Peter Cordes · Answer 2 · 2023-07-28T09:02:23.000

Unlike ARM and many other RISCs, x86 doesn't have load-linked / store-conditional; architecturally it has stuff like lock add byte [rdi], 1 or lock cmpxchg [rdi], ecx for atomic RMW. See Can num++ be atomic for 'int num'? for some details of the semantics and CPU architecture.

See also x86 equivalent for LWARX and STWCX - arbitrary atomic RMW operations can by synthesized with a CAS (lock cmpxchg) retry loop. Unlike LL/SC, it is susceptible to ABA problems, but CAS is the other major way of providing a building block for atomic stuff.

Internally on x86 modern CPUs, this probably works by running a load uop that also "locks" that cache line. (Instead of arming a monitor so a later SC will fail, the "cache lock" prevents MESI responses until a store-unlock, preventing things that would have made an SC fail on an LL/SC machine.)

Taking a cache lock on just that line in MESI Modified state (instead of the traditional bus lock) depends on it being cacheable memory, and being aligned or at least not splitting across a cache-line boundary.

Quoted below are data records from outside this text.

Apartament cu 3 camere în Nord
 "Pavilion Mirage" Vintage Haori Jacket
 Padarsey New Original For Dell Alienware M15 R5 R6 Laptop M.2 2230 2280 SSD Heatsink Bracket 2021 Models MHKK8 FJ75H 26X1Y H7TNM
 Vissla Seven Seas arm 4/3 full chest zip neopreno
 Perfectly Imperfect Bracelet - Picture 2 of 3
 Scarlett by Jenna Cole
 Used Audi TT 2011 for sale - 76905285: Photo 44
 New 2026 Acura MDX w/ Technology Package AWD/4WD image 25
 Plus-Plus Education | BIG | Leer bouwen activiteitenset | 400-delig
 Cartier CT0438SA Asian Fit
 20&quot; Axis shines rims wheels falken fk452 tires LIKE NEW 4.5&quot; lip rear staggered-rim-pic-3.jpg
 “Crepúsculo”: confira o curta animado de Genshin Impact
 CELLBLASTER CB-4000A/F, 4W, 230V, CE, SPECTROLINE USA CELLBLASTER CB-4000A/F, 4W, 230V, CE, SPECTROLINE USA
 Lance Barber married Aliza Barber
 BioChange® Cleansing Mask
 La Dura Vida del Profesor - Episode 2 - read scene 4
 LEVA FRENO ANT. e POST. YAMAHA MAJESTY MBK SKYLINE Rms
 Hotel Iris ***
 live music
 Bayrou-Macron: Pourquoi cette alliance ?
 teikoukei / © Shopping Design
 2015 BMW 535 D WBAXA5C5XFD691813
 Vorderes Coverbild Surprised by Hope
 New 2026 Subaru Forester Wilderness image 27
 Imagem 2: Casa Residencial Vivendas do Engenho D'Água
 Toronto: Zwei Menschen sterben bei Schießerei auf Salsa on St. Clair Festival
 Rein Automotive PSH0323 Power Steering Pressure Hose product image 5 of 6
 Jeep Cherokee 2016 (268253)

x86's cmov instruction only has one form, with a register destination, not memory. cmovcc reg, reg/mem. Even with a memory source, it's an unconditional load to feed an ALU select operation, so will segfault on a bad address even if the condition is false. (Unlike ARM predicated instructions, where the whole instruction is NOPed out on a false condition.)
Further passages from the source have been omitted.